Which part was experimented poorly? If you tell me your opinion in detail, i will reflect it. 

A lot has been addressed already namely by santy and ninecloudnine. To reiterate some of their stance:

Your "control" variables aren't realistic. These inputs don't occur within the game naturally so it isn't something that would happen except in maybe very, very extreme cases. There certainly wouldn't be a team filled with this sort of distribution of attributes, let alone two. In short it's not an internally valid model. What I mean by that is by running an experiment that falls outside of something that has been trained you're inevitably going to find something "weird" because the model has never seen anything like this before.

As a concrete example suppose I'm growing tulips. I want to measure how tall they grow based on watering schedule, sunlight exposure, soil conditions etc. After a few trials I have an idea of what affects height. If I all of a sudden start planting petunias instead, none of my data for tulips is relevant. There may be general principles like all plants need water, sunlight, soil but you can't really claim to know anything about how a petunia would grow.

FM is the same way. The match engine has been trained and tuned on a particular set of data that exists. Just because you can change an input doesn't mean you should. That's not a control variable. FM experiments need to exist more or less naturally inside the game world. Putting in extreme values is going to yield an extreme result. You'd have to make a pretty compelling case as to why this initial state of inputs should exist.

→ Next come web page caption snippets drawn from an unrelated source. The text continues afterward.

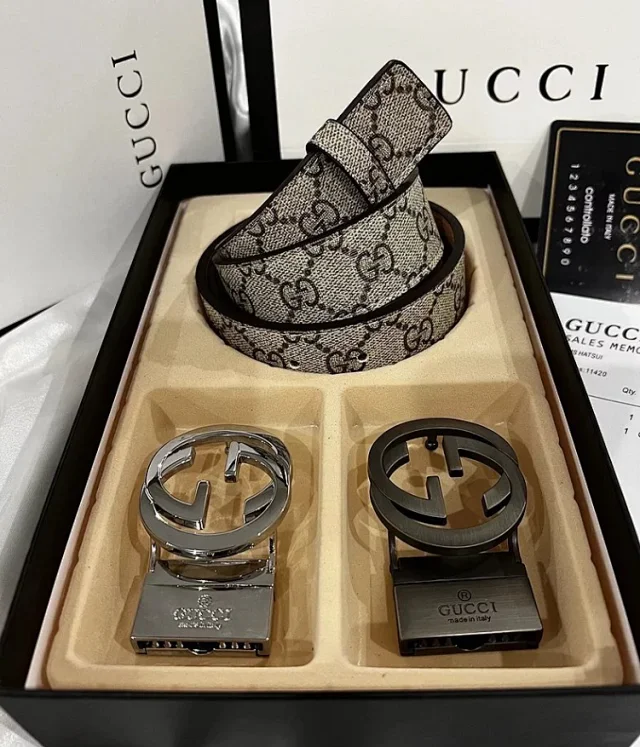 Gucci Belts Interlocking G buckle belt with interchangeable buckles product detail image 6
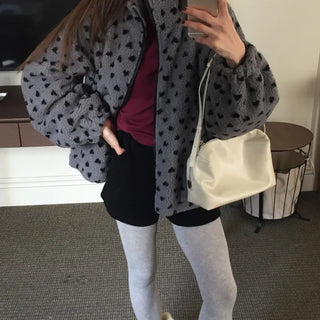 Cozy Heart Sherpa Zip-up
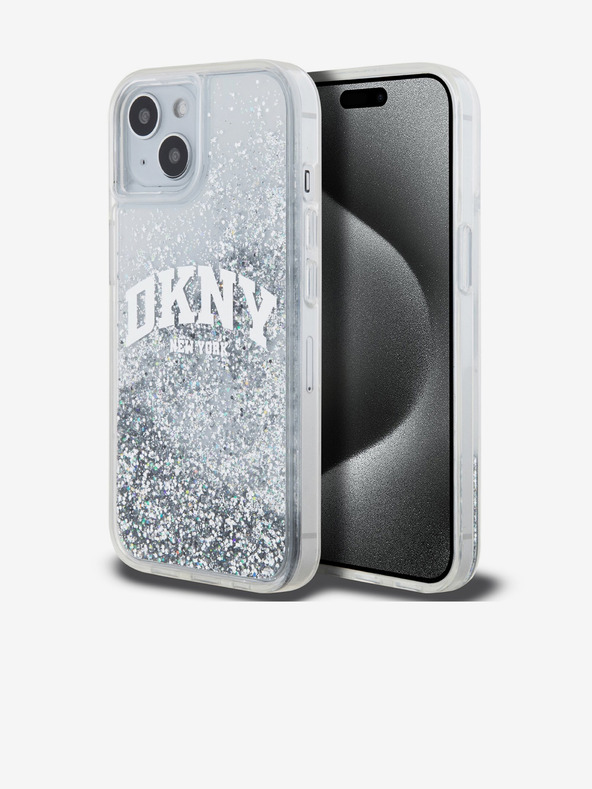 DKNY Liquid Glitter Arch Logo Zadní Kryt pro iPhone 15 Transparent DKNY
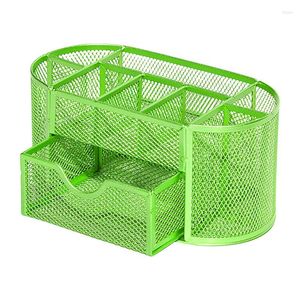 Opbergzakken Mesh Penhouder 9-raster Bureaupotlood Organizer Desktop Box Voor School Art Supplies Stationair Metaal Dorm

Additionally, I have no idea what your tables are telling me in conjunction with the text. Is there some sort of regression? Is it just descriptive statistics - if so is there any association at the raw match level? Which group is which? Are the value statistically significantly different? There's probably more I could address but I really don't have an idea what you're trying to show to direct you further here. Its just very unclear other than you've shown me a table and claim something is weird.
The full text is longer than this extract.